Copy out the data in full and exactly, passing over the pictures.

#### GIVEN INFORMATION ####

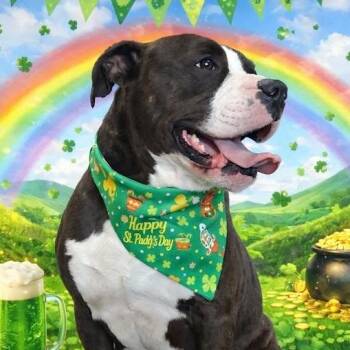 Chop -  Terrier Dog Available for Adoption in West Milton, Ohio - Chop | PetCurious
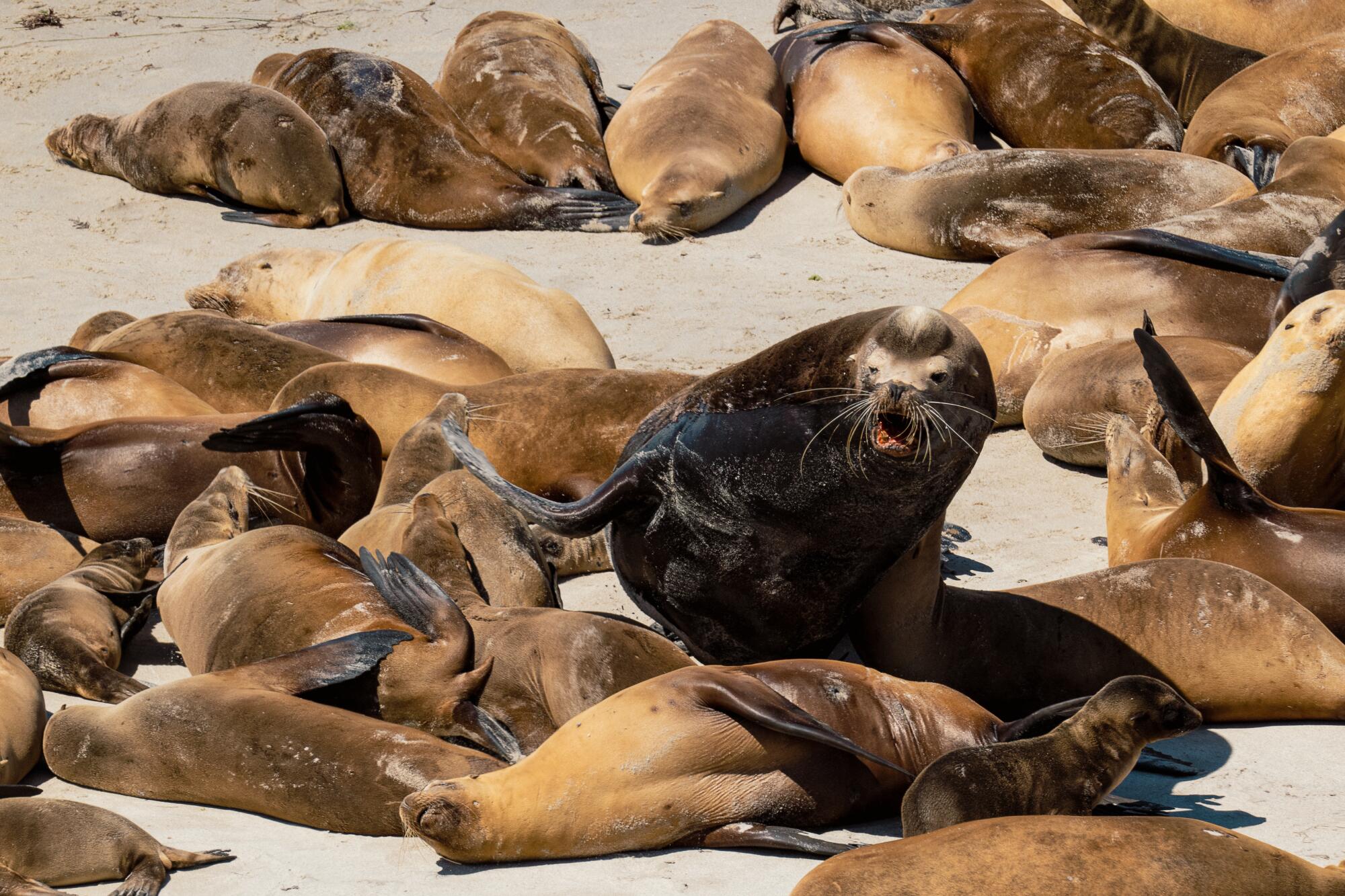 A bull California sea lion patrols his harem. 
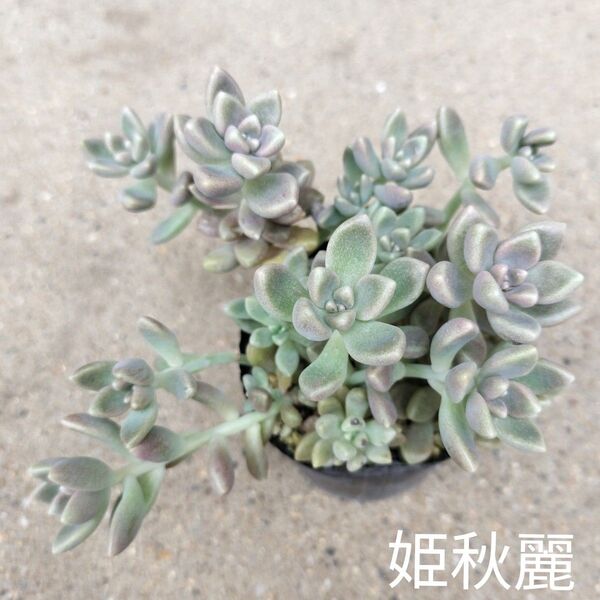 セダム☆姫秋麗☆1ポット多肉植物冬はピンクに紅葉します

####

● **FINAL ANSWER**
 Chop -  Terrier Dog Available for Adoption in West Milton, Ohio - Chop | PetCurious
 A bull California sea lion patrols his harem. 
 セダム☆姫秋麗☆1ポット多肉植物冬はピンクに紅葉します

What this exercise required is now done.